Increasing number of block-relay-only slots and connections
#28463 proposes to increase the number of inbound connection slots for block-relay-only connections. Currently, a node has about 91 full-relay and 23 block-relay-only inbound connections (80% and 20% of 114). As currently proposed, the PR increases this to about 113 full-relay and 75 block-relay-only connections (60% and 40% of 189 = 200 - 2 - 1 - 8).
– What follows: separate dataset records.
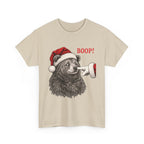 Sand Bear Boop Christmas t-shirt with a Santa hat bear getting booped on the nose, front view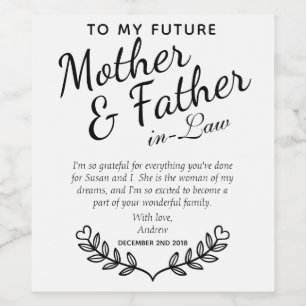 Elegant Custom Black and White In-Law Wedding Gift Wine Label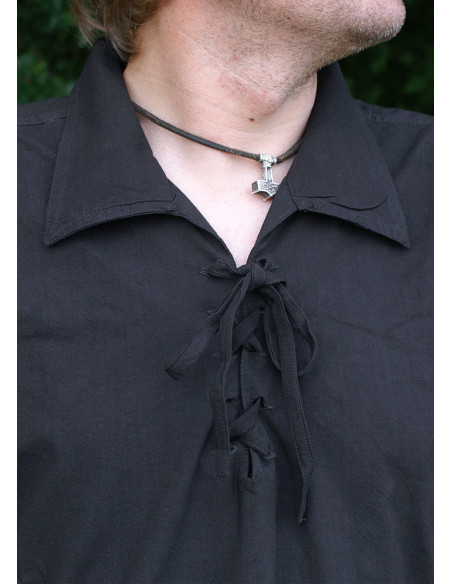 Medieval cotton shirt with black laces
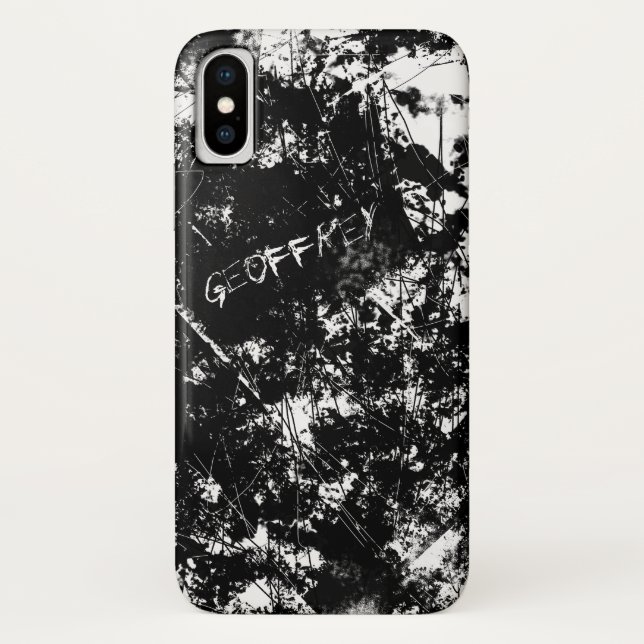 Urban Grunge Black and White Scratch Abstract Case-Mate iPhone Case (Back)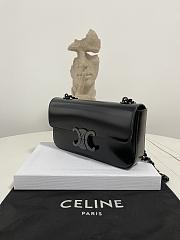 Celine Chain Shoulder Bag Triomphe Black Shiny 20.5x10.5x4cm - 4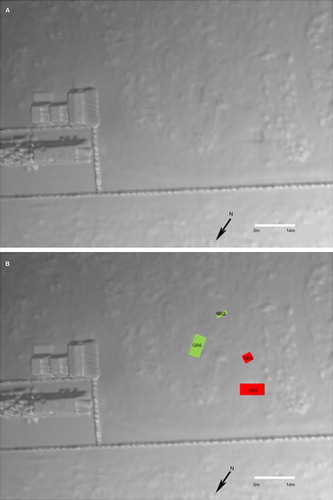 Figure 19. The 3D model following the LiDAR survey in May 2017 (11 months following interment) from which four graves could be identified (A); annotated (B).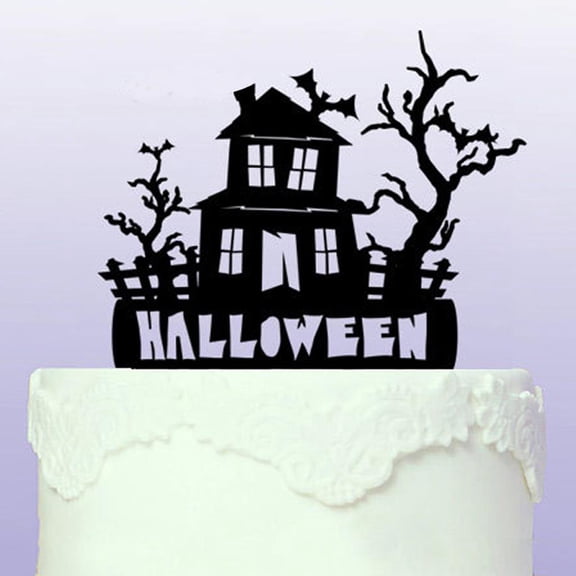 balikha Horror Cake Topper Cake Topper Cake Topper Cake Topper Muffin Picker With Haunted House Design, Black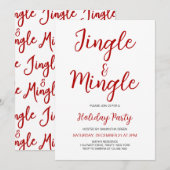 Minimalistische Jingle en Mingle Christmas Party Kaart (Voorkant / Achterkant)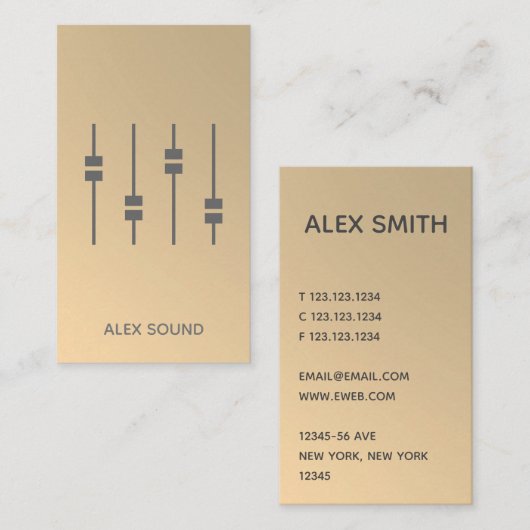 DJ Modern Gold Imitats Minimalistisch 2019 Visitenkarte (Vorne/Hinten)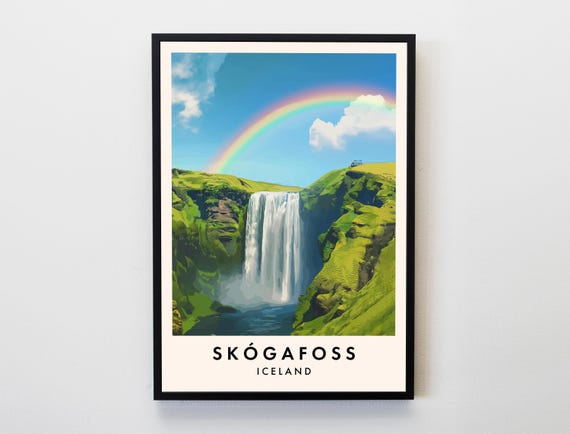 Skógafoss Travel Poster, Iceland Waterfall Art Print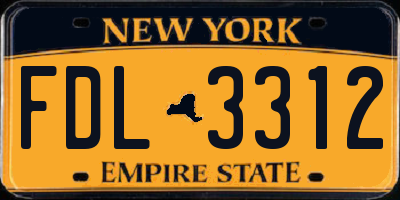 NY license plate FDL3312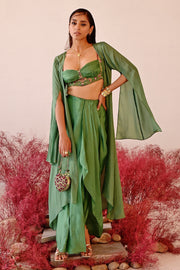 WOMEN'S GREEN CREPE & SATIN ORGANZA REHANA CHOGA SET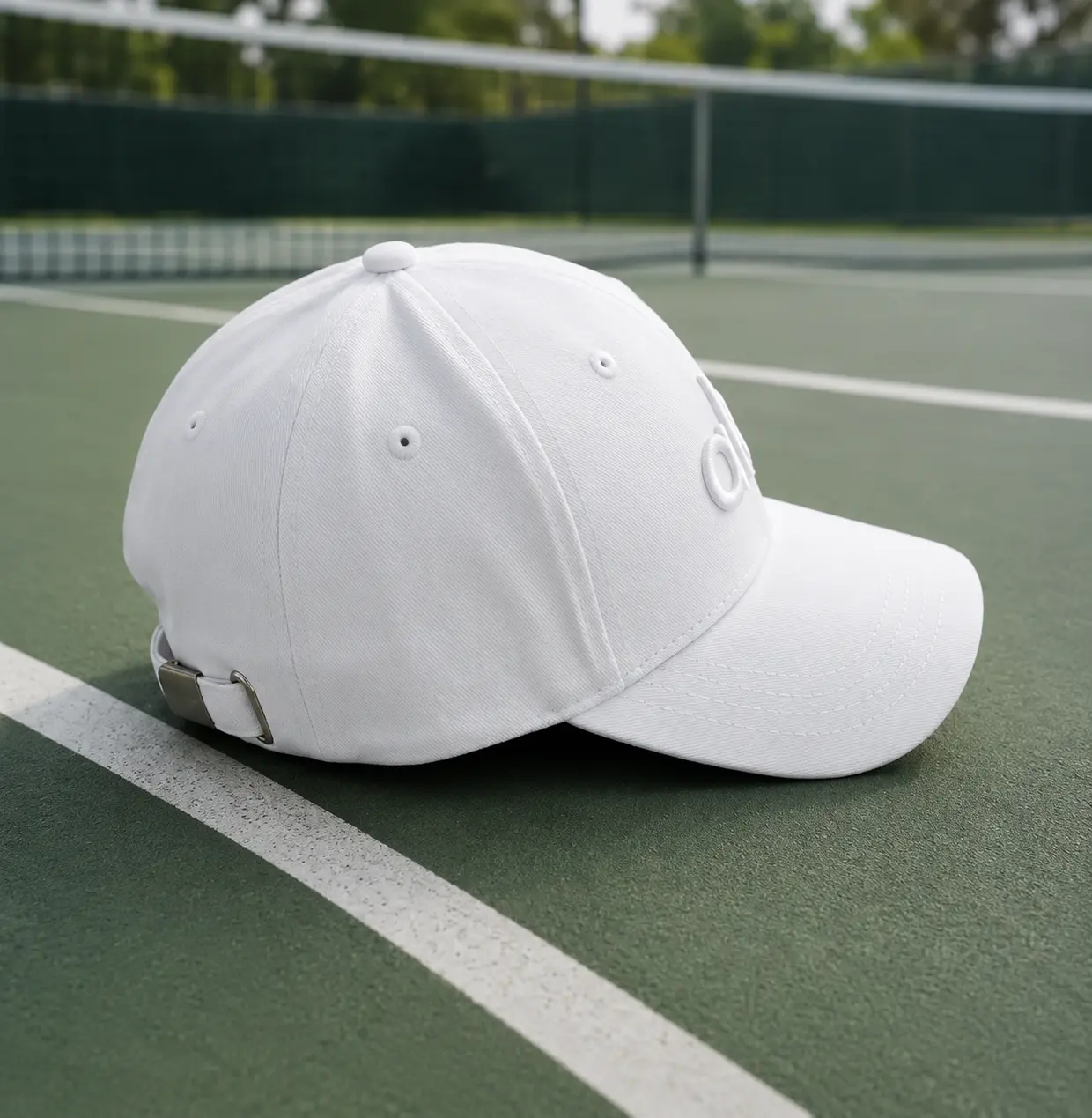 White Performance District Off-Duty Trucker Hat - 100% Polyester Black Baseball Cap with White Letters, Sun Protection, Durable Woven Minimalist Outdoor Headwear for Running & Activities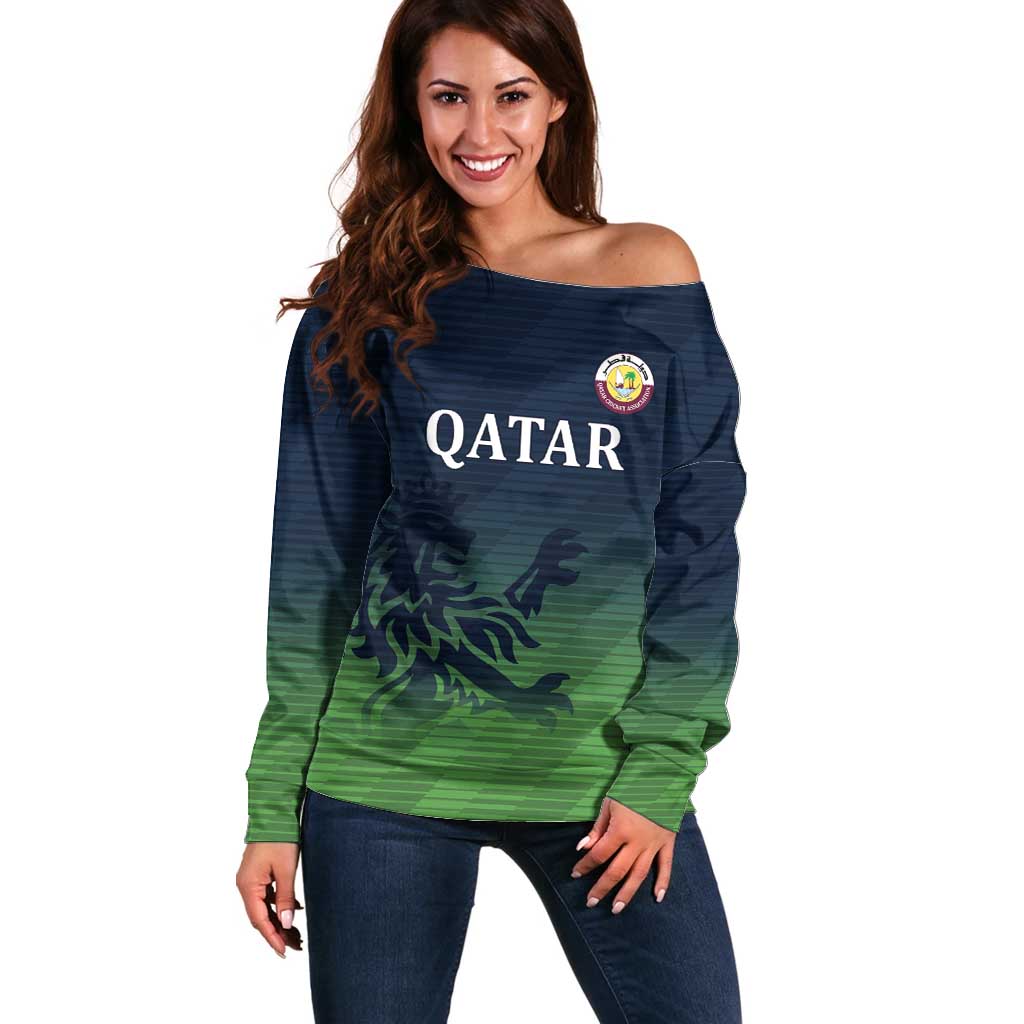 Custom Qatar Cricket Off Shoulder Sweater Green Sporty Pattern - Wonder Print Shop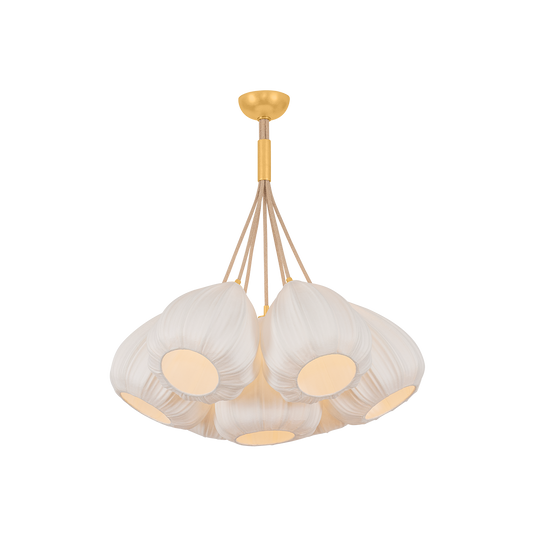 Hudson Valley Livonia 28" 7-Light Chandelier Vintage Gold Leaf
Assuming 600µs for a outbound full-relay
connection, 300µs for an inbound full-relay
and 100µs for a block-relay
connection, currently we are at 34.6ms
per second and will be at 46.4ms (increase of 34%) with the proposed change.
6.6ms more due to the new full-relay connections and 5.2ms due to the
block-relay-only connections. While spending 46.4ms per second in the message
handling thread is probably fine, a more conservative change might be to leave
the number of full-relay inbound slots largely untouched. Here, RAM and
bandwidth usage should be considered too.
currently: $$ 8 \times 600µs + 2 \times 100µs + 91 \times 300µs + 23 \times 100µs = 34600µs = 34.6ms $$ as proposed: $$ 8 \times 600µs + 2 \times 100µs + 113 \times 300µs + 75 \times 100µs = 46400µs = 46.4ms $$
Since later increasing from 2 outbound block-relay connections to 8 as proposed in #28462 is only an increase of $ 6 \times 100µs $, I don’t see a problem with this from the CPU usage side.
Some notes
- It would also be useful to have these measurements for Erlay. Maybe Erlay makes transaction relay a lot cheaper (or a lot more expensive?).
- These measurements were made on a server CPU core, where a 34% increase is only about 11ms per second. However, the numbers might look very different on a nearly 70% slower Raspberry Pi 4 BCM2711 Core (see this comparison).
- Since my node is pruned, this does not include IBD data, which might raise the
average time spent in
SendMessages()
(for both full-relay and block-relay connections). - Time spent in function isn’t a perfect measurement of CPU usage. For example, when sending requested blocks, a big chunk of the time might be spent waiting on disk IO.
Thanks to the MIT DCI for sponsoring the node I’ve used to measure this (and five more for related purposes!).